Comment by beardyw
1 day ago
Just a stupid question, but why not append the date, even in seconds as hex. It's just a few bytes and would guarantee that everything OK now will be OK in the future?
1 day ago
Just a stupid question, but why not append the date, even in seconds as hex. It's just a few bytes and would guarantee that everything OK now will be OK in the future?
You can just use a different UUID variant which includes timestamp data instead (e.g. v1 or v7), there are also variants which include the MAC address.
Might as well just use uuidv7
But since the randomness is obviously borked, it was much better to use v4 and find out about it after just 15K records instead of X million records later.
yeah, any sort of additional semi-random data could've helped prevent this, I'm sure. That, however, is also kind of the idea of UUIDv4, it has lots of randomness and time built in already.
UUID v4 consists of only random bits, no timestamp info.
Wrong, they have 122 random bits out of 128. The other six bits are to say “hello I am a UUIDv4”.
oh, interesting, I didn't know that and this could possibly be part of the problem perhaps depending on what's used as the seed.
But surely hashing the date still allows for a future collision. Leaving the date as is means it will never collide after that one second has passed.
You could do that, but now you're like 90% of the way to maintaining a monotonically increasing number you that could just use as a unique ID instead without any randomness required (and without the additional 128 bits for collision protection via the appended UUID).

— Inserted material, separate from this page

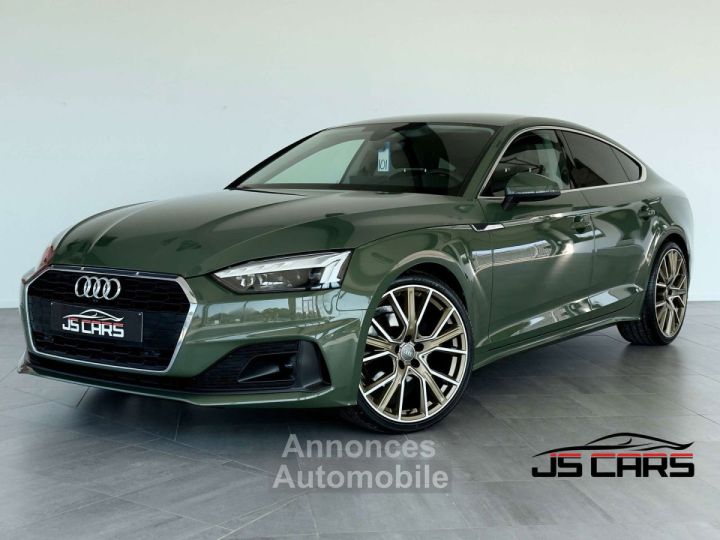Audi A5 Sportback 20TDi-1ERPRO-COCKPIT-CAMERA360-CUIR-TVA - 1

So your ID would take like 64 bits for the time unique to the nanosecond plus 128 bits for the UUIDv4 = 192 bits which is a pretty beefy sized ID.
(I know you said just append a second count but you will want a predictable/fixed size for your data structure in pretty much any use case so need to decide the upper bound and precision ahead of time)

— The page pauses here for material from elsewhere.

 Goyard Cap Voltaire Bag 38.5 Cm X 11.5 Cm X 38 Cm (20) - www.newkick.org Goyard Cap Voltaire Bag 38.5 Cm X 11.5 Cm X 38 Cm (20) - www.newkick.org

Especially when the alternative is a 128 bit UUIDv4 that's guaranteed unique with proper usage of high quality RNG or a 128 bit UUIDv7 if you have a clock (that's needed for your method anyway) that will be much more forgiving of a flaky source of randomness and more sortable than your monotonic-ish ID for 1/3 fewer bits.
Basically, stapling anything onto a UUID is a waste of space if you don't trust it, so might as well drop it completely and use a significantly smaller source of randomness at that point.
UUID 7 does not hash the date. It uses 48 bits to store a millisecond resolution timestamp. This allows you to sort uuids by time.
> but why not append the date
And use uuid v5 to hash it :)